Start of SUPPLIED MATERIAL

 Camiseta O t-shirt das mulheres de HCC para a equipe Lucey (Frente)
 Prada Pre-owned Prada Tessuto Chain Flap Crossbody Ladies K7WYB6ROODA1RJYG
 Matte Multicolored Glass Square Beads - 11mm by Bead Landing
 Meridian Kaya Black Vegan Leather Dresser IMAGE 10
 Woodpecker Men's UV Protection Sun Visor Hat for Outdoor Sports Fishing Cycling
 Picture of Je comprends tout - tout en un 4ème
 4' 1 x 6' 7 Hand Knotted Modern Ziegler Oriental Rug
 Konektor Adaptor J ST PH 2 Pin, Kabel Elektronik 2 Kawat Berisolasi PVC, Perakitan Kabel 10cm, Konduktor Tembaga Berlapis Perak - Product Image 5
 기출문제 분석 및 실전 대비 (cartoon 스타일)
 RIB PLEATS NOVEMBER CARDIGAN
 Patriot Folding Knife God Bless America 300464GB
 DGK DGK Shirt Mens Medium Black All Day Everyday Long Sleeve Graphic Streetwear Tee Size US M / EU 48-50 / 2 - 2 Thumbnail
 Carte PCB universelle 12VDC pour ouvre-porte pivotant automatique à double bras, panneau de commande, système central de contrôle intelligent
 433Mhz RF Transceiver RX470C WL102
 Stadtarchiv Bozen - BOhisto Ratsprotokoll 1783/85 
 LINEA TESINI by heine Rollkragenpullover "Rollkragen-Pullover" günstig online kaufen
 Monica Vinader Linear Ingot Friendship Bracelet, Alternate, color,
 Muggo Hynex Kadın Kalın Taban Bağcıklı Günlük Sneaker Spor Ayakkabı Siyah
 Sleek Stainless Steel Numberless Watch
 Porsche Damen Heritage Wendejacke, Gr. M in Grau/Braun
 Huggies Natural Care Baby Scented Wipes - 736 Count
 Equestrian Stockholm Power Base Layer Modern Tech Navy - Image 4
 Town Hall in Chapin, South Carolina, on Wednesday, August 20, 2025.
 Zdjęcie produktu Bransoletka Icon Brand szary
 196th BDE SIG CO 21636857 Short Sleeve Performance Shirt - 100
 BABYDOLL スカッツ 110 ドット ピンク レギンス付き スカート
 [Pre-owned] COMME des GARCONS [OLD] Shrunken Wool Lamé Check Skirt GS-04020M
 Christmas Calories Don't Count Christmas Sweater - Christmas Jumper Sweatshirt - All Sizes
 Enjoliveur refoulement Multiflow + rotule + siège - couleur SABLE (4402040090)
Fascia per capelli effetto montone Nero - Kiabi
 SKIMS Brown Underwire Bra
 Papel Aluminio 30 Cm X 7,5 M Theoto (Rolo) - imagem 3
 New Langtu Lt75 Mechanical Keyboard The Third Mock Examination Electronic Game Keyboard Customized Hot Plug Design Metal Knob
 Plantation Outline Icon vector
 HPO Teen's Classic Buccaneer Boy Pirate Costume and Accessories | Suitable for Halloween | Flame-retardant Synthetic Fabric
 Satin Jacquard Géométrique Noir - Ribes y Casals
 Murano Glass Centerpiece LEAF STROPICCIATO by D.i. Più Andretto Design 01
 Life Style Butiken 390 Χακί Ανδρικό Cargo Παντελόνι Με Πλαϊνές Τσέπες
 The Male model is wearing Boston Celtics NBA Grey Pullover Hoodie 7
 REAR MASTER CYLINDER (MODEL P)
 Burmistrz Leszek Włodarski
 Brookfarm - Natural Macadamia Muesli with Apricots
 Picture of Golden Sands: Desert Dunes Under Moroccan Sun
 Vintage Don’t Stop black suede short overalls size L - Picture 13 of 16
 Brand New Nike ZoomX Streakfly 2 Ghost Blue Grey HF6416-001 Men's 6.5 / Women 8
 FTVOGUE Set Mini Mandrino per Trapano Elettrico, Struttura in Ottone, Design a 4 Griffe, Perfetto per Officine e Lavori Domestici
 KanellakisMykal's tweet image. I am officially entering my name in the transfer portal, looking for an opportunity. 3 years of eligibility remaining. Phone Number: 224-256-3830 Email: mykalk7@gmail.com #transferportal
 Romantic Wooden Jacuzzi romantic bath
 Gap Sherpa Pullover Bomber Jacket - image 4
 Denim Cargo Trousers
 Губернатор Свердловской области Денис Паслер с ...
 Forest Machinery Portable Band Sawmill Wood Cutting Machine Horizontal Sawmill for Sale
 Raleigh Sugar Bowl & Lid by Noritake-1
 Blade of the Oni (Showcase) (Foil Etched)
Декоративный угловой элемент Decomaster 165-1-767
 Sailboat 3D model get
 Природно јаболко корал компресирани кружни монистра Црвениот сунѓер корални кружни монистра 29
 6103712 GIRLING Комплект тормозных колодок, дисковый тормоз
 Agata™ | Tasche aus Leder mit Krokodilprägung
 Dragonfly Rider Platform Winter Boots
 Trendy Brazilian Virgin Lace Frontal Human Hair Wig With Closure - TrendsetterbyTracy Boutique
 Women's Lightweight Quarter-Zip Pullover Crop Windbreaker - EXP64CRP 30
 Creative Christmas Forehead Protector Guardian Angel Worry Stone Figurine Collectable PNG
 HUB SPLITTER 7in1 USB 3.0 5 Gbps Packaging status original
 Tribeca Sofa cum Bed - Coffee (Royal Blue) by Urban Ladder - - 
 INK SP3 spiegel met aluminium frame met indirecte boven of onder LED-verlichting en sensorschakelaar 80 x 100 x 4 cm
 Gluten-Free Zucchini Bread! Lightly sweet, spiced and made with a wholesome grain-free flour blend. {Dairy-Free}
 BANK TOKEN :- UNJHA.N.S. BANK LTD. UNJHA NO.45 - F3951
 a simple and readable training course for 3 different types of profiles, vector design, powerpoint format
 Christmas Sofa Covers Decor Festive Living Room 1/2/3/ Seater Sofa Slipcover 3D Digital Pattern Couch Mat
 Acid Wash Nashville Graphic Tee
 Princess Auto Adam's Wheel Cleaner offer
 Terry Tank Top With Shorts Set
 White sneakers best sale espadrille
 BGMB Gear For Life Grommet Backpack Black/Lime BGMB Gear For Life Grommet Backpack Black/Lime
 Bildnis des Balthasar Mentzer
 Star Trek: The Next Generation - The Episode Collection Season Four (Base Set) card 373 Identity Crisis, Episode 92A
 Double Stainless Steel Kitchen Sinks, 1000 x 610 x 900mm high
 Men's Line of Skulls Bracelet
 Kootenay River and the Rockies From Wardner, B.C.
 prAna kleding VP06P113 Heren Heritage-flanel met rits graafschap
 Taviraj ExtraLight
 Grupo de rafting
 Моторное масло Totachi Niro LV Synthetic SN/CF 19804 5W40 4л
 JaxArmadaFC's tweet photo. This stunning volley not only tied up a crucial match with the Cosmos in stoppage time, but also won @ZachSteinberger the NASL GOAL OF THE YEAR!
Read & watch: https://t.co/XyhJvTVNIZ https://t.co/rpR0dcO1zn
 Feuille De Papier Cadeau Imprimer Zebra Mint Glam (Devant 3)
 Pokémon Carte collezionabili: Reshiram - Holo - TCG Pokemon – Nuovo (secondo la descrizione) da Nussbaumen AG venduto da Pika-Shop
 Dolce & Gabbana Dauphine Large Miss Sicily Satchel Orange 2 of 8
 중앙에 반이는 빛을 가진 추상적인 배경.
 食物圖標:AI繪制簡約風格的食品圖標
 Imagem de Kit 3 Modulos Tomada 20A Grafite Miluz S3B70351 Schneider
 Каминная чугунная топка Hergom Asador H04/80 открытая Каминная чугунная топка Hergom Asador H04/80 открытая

End of SUPPLIED MATERIAL

AIM OF THE EXERCISE – Print exactly the lines above from the one with "Town Hall in" to the one with "FTVOGUE Set Mini", including both.

ANSWER FOR THE TASK –
 Town Hall in Chapin, South Carolina, on Wednesday, August 20, 2025.
 Zdjęcie produktu Bransoletka Icon Brand szary
 196th BDE SIG CO 21636857 Short Sleeve Performance Shirt - 100
 BABYDOLL スカッツ 110 ドット ピンク レギンス付き スカート
 [Pre-owned] COMME des GARCONS [OLD] Shrunken Wool Lamé Check Skirt GS-04020M
 Christmas Calories Don't Count Christmas Sweater - Christmas Jumper Sweatshirt - All Sizes
 Enjoliveur refoulement Multiflow + rotule + siège - couleur SABLE (4402040090)
Fascia per capelli effetto montone Nero - Kiabi
 SKIMS Brown Underwire Bra
 Papel Aluminio 30 Cm X 7,5 M Theoto (Rolo) - imagem 3
 New Langtu Lt75 Mechanical Keyboard The Third Mock Examination Electronic Game Keyboard Customized Hot Plug Design Metal Knob
 Plantation Outline Icon vector
 HPO Teen's Classic Buccaneer Boy Pirate Costume and Accessories | Suitable for Halloween | Flame-retardant Synthetic Fabric
 Satin Jacquard Géométrique Noir - Ribes y Casals
 Murano Glass Centerpiece LEAF STROPICCIATO by D.i. Più Andretto Design 01
 Life Style Butiken 390 Χακί Ανδρικό Cargo Παντελόνι Με Πλαϊνές Τσέπες
 The Male model is wearing Boston Celtics NBA Grey Pullover Hoodie 7
 REAR MASTER CYLINDER (MODEL P)
 Burmistrz Leszek Włodarski
 Brookfarm - Natural Macadamia Muesli with Apricots
 Picture of Golden Sands: Desert Dunes Under Moroccan Sun
 Vintage Don’t Stop black suede short overalls size L - Picture 13 of 16
 Brand New Nike ZoomX Streakfly 2 Ghost Blue Grey HF6416-001 Men's 6.5 / Women 8
 FTVOGUE Set Mini Mandrino per Trapano Elettrico, Struttura in Ottone, Design a 4 Griffe, Perfetto per Officine e Lavori Domestici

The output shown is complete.